Gravitational waves as a probe for cosmology and non-standard physics

Abstract

The direct detection of Gravitational Waves (GWs) in 2015 revealed an entirely new way of studying the Universe and fundamental physics. This tremendous achievement, almost 100 years since the initial study of GWs by Einstein, allows us to see into regions invisible to our standard Electromagnetic (EM) observations, from the primordial universe to the interior of neutron stars.

In this thesis, we exploit this new probe to investigate a number of physical characteristics of the Universe and to test our current understanding of Einstein’s General Theory of Relativity. To accomplish this, we use powerful cosmological simulations, which are able to replicate the observed large-scale structure down to complex, non-linear scales.

More specifically: In Chapter 1, we review the current paradigm of cosmology, the LCDM model and its limitations. We motivate some of the fundamental assumptions and problems that we aim to tackle in the next chapters, and provide a brief introduction to GWs and their propagation in spacetime.
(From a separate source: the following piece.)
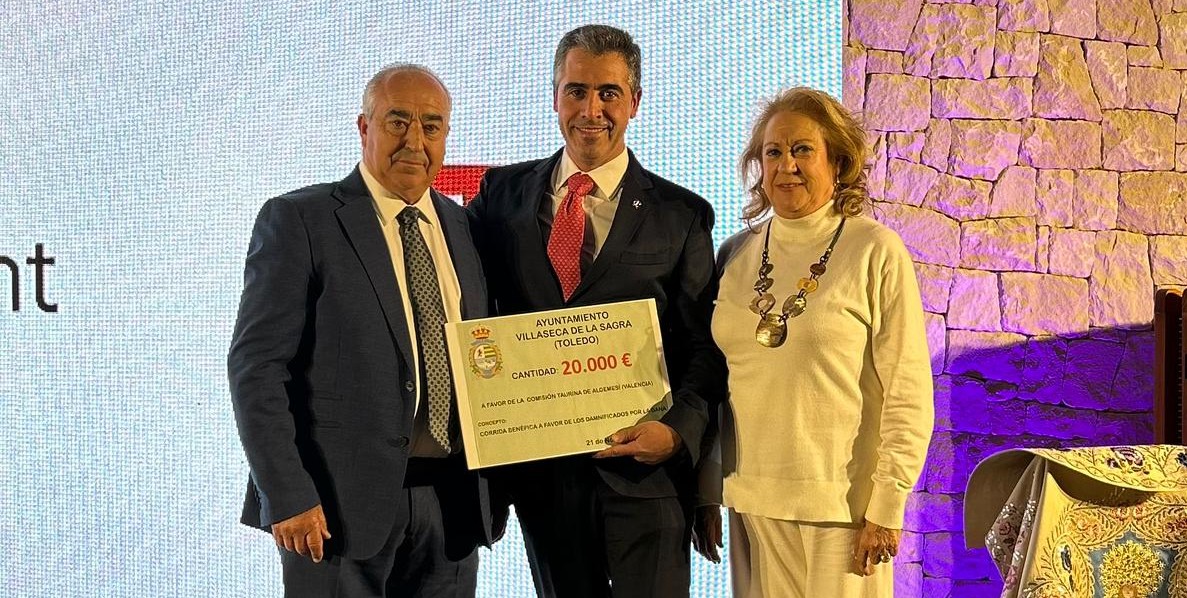 Villaseca entrega a Algemesí 20.000 € para los damnificados por la DANA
In Chapter 2, we describe our numerical simulations and their outputs for the values of gravitational potentials.

In Chapter 3, we exploit GWs Standard Sirens, i.e. GWs observations where we are able to locate their counterpart sources in the EM spectrum, in order to constrain the level of inhomogeneities in our Universe. In parallel, we test possible degeneracies of the former with theories that modify general relativity.
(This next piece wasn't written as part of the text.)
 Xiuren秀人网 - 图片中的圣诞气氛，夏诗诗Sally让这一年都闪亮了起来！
In Chapter 4, we study the presence of inhomogeneities on the propagation of GWs. We derive a modified propagation equation due to the presence of matter anisotropies. We solve the latter numerically, exploiting realistic environments from numerical simulations. For this, we develop a novel ray-tracing approach. As a result, we are able to derive potential effects on the stochastic GW background and examine lensing observables and their cosmological applications.
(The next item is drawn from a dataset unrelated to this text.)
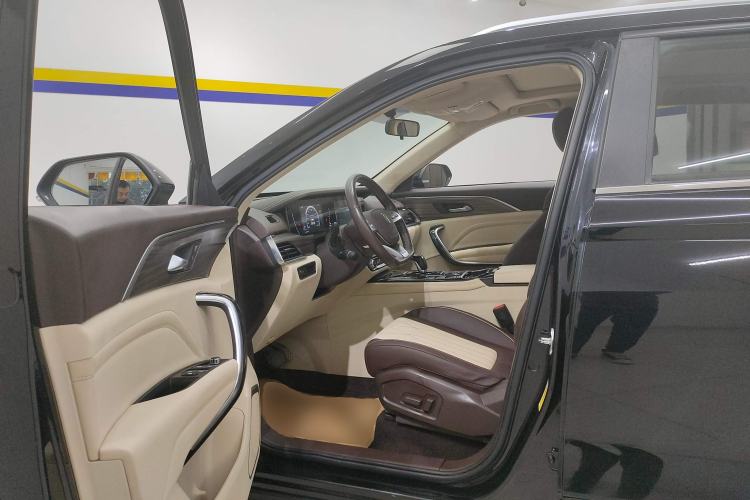 Used Bestune T77 2021 PRO 280 TID Automatic Luxury Model Left Front Seat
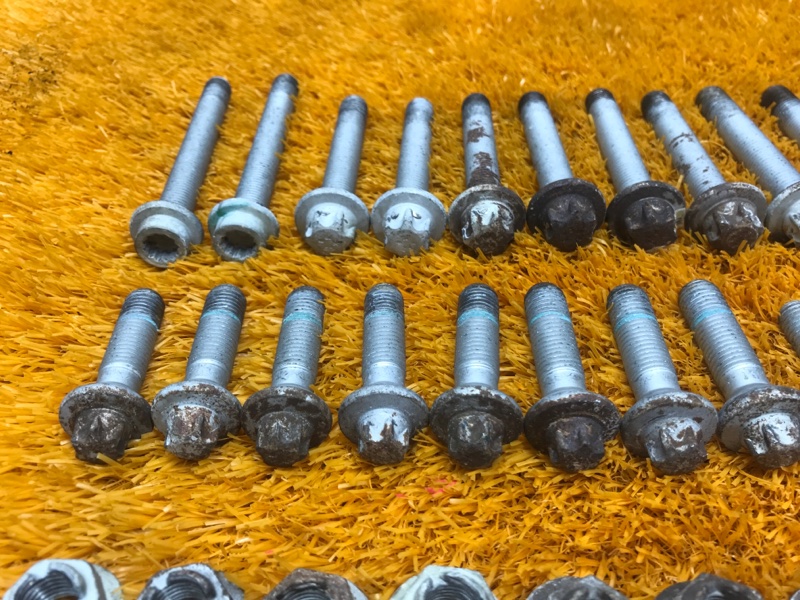 Болты и гайки задней подвески, 1000 рублей, Красноярск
Finally, in Chapter 5, we investigate the power of galaxies’ clustering on a statistical method of determination of the Hubble-Lemaˆıtre parameter based on GWs. Since the majority of GWs observations will not have an EM counterpart, we can combine in a statistical way, the galaxies that reside within the GWs sky localisation region, in order to determine H0. We estimate the capabilities of the method, in realistic environments with clustered galaxies, from numerical simulations. At the same time, we evaluate the importance of clustering, when galaxies are missing from survey catalogues, due to observational limitations.